[Raw data]

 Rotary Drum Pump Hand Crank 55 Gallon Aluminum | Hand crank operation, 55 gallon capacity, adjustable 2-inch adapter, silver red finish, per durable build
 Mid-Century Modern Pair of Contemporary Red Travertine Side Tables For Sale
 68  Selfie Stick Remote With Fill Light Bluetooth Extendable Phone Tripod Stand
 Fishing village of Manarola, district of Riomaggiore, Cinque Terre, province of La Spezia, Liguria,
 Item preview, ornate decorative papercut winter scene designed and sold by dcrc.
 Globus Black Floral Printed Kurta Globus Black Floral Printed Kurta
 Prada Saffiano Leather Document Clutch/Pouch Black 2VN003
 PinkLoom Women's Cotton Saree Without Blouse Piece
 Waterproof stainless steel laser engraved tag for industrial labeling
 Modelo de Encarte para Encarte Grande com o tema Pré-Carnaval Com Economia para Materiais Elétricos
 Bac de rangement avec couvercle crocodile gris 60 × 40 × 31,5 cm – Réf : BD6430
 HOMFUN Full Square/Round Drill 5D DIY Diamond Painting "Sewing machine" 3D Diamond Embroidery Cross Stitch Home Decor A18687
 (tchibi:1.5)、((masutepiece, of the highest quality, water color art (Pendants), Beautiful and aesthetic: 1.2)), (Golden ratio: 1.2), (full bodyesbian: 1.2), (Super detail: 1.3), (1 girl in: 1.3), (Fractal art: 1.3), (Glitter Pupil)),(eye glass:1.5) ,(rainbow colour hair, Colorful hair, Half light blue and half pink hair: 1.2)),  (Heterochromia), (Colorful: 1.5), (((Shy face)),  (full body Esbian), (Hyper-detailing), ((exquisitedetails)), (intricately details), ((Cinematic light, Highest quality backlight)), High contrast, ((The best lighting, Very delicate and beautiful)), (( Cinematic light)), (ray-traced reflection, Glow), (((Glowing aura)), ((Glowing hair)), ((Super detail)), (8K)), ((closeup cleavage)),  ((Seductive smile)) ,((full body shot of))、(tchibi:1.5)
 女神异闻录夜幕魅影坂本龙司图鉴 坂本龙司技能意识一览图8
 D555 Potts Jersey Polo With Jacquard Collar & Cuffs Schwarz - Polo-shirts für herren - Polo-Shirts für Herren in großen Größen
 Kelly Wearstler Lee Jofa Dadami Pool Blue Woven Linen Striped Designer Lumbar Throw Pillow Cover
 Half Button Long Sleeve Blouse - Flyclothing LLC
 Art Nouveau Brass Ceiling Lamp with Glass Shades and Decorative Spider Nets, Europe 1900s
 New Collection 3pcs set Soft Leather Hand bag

[/Raw data]

Problem to work on:
Looking at the records above, please output exactly the lines that run from the one holding "Art Nouveau Brass" to the final line, and only those.

Answer to this problem:
 Art Nouveau Brass Ceiling Lamp with Glass Shades and Decorative Spider Nets, Europe 1900s
 New Collection 3pcs set Soft Leather Hand bag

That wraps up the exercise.